[Start of section]

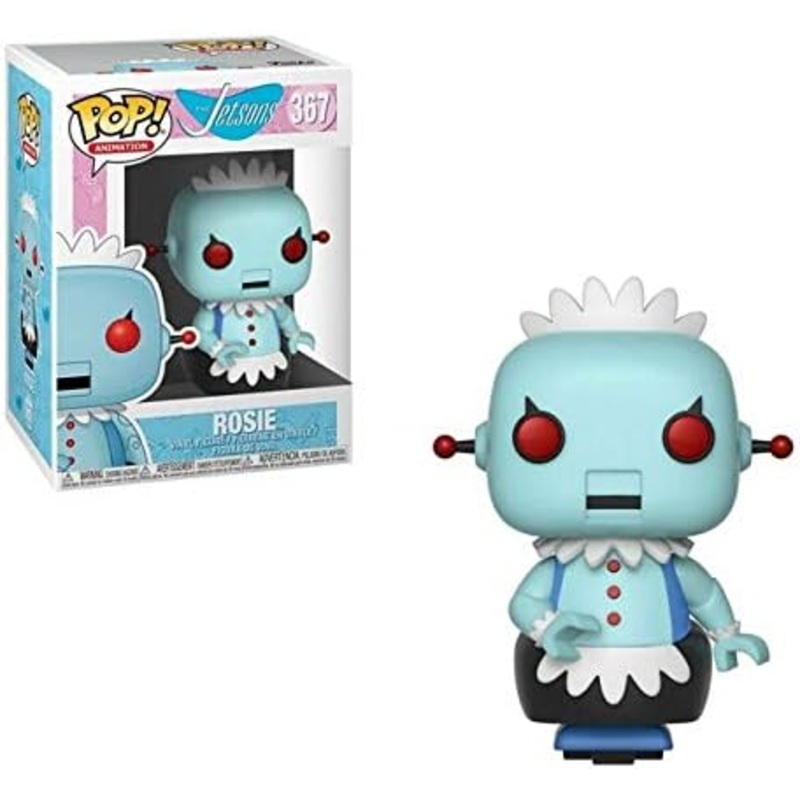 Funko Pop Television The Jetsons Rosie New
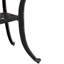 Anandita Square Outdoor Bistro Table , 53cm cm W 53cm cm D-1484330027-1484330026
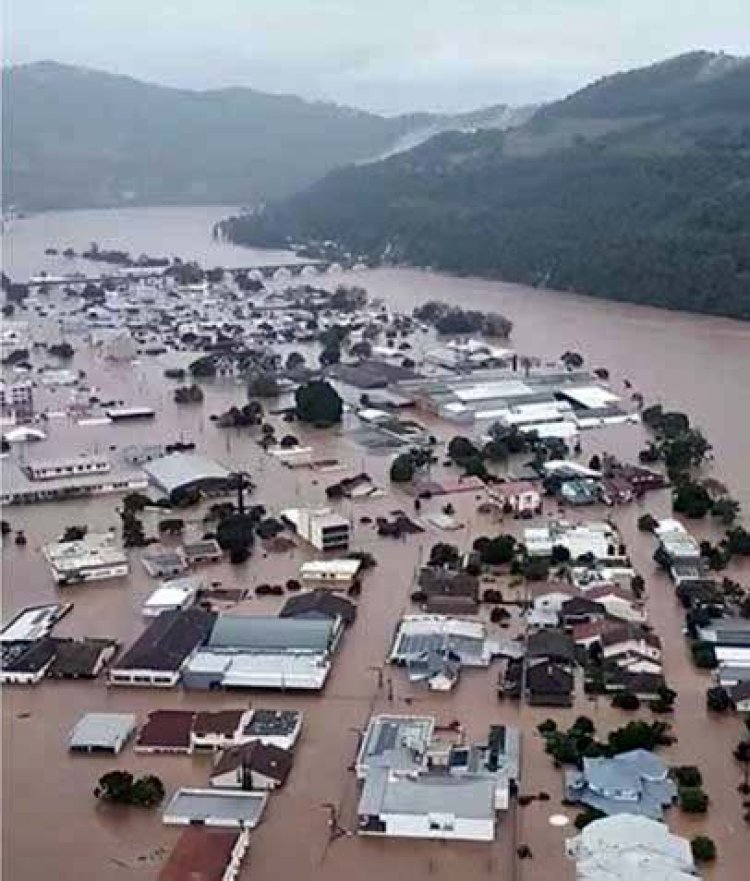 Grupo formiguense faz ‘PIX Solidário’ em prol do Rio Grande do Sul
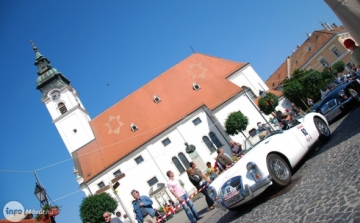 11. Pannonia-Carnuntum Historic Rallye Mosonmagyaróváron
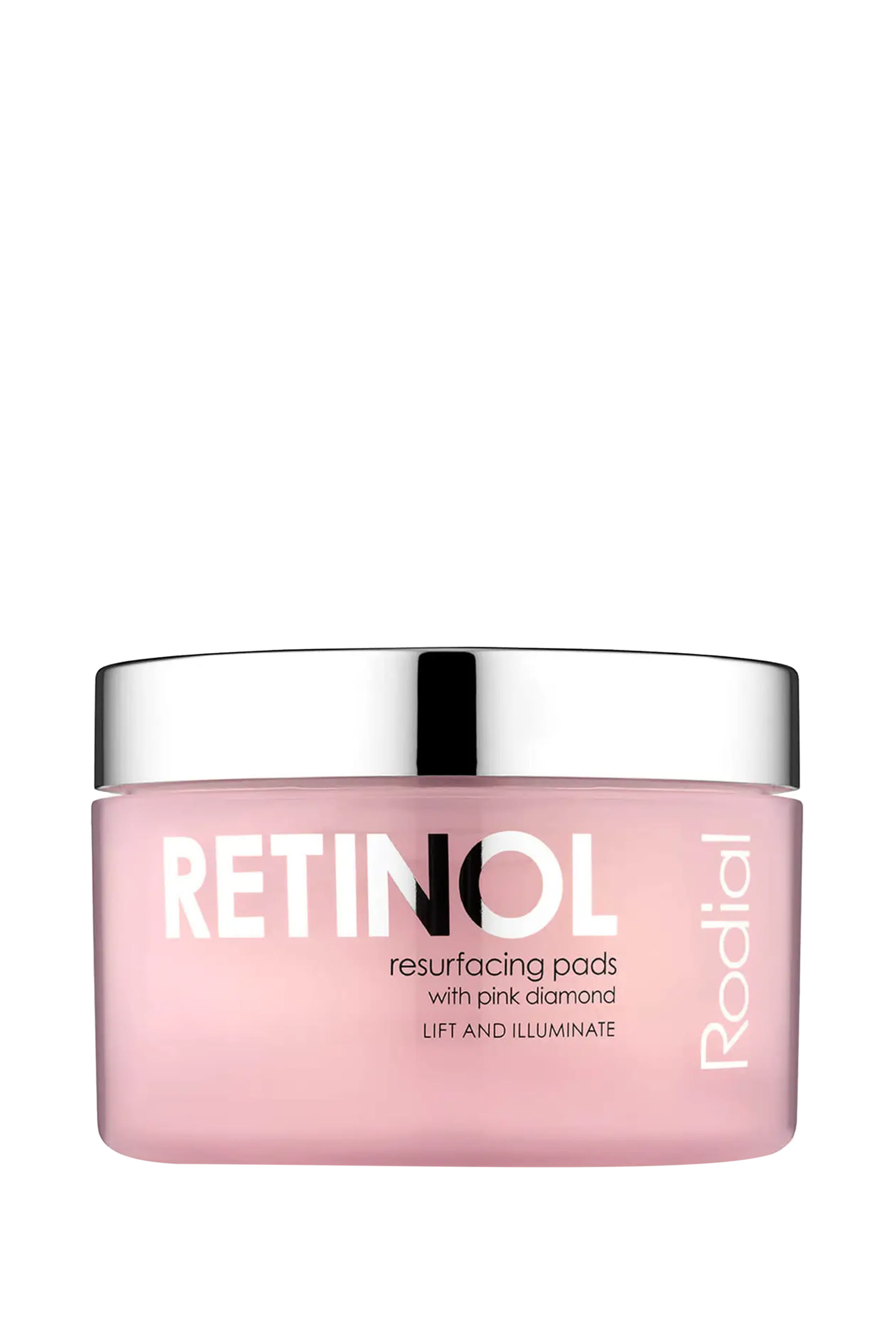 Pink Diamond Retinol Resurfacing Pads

[End of section]
[Start of section]

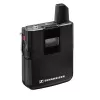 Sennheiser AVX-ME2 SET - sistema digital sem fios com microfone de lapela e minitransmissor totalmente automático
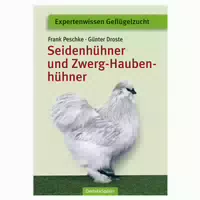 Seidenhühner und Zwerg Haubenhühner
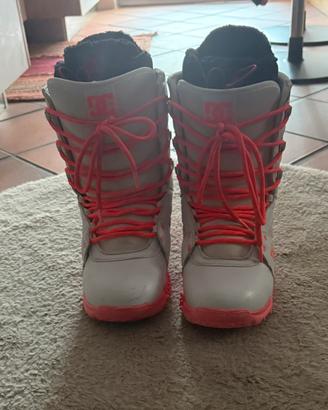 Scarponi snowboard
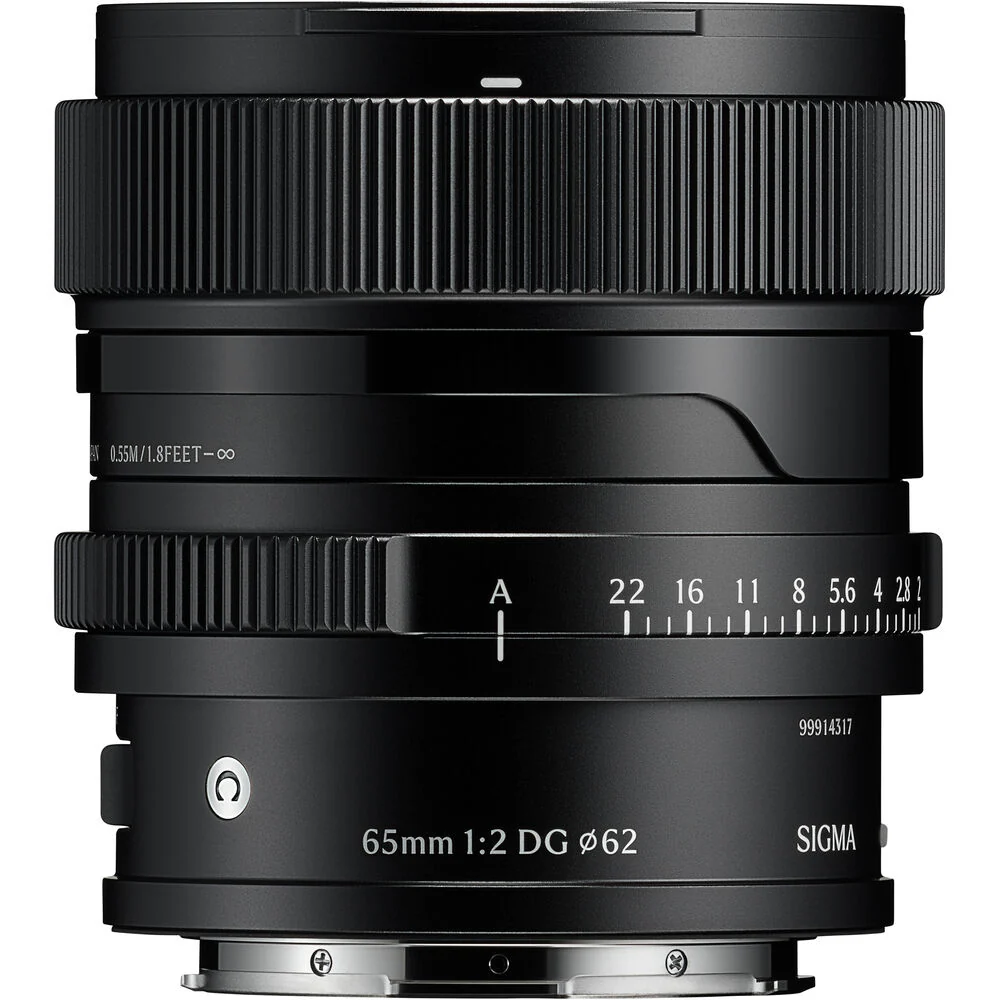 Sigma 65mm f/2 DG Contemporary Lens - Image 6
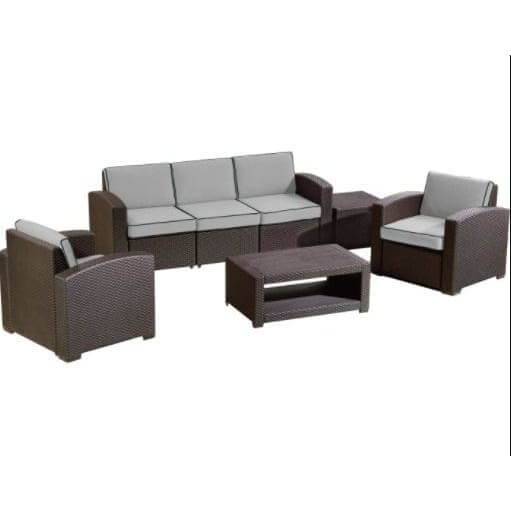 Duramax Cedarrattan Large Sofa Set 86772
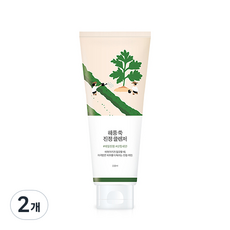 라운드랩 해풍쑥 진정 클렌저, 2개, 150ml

[End of section]
[Start of section]

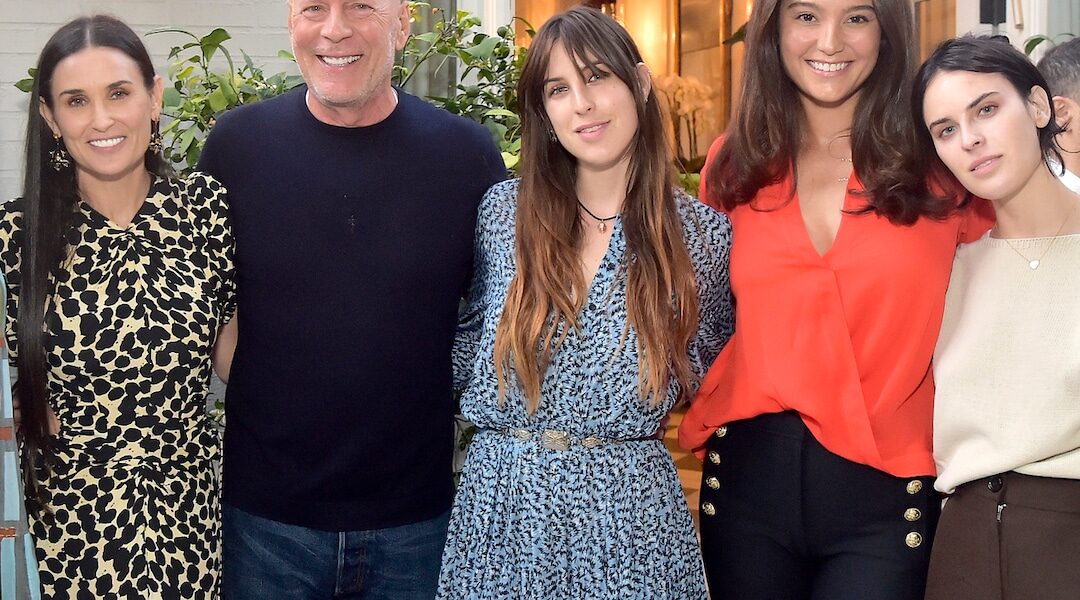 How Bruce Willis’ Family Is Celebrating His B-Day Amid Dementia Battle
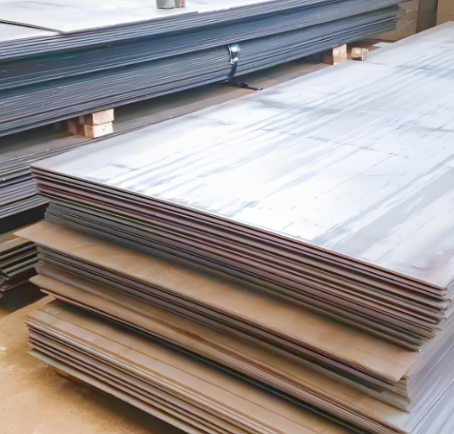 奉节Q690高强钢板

[End of section]

#### EXERCISE AIM:
Write out, word for word, the stretch of entries that begins at the line with "Sennheiser AVX-ME2 SET" and ends at the line with "라운드랩 해풍쑥 진정 클렌저, 2개, 150ml". Pictures do not belong in it.

#### OUTPUT BELOW:
 Sennheiser AVX-ME2 SET - sistema digital sem fios com microfone de lapela e minitransmissor totalmente automático
 Seidenhühner und Zwerg Haubenhühner
 Scarponi snowboard
 Sigma 65mm f/2 DG Contemporary Lens - Image 6
 Duramax Cedarrattan Large Sofa Set 86772
 라운드랩 해풍쑥 진정 클렌저, 2개, 150ml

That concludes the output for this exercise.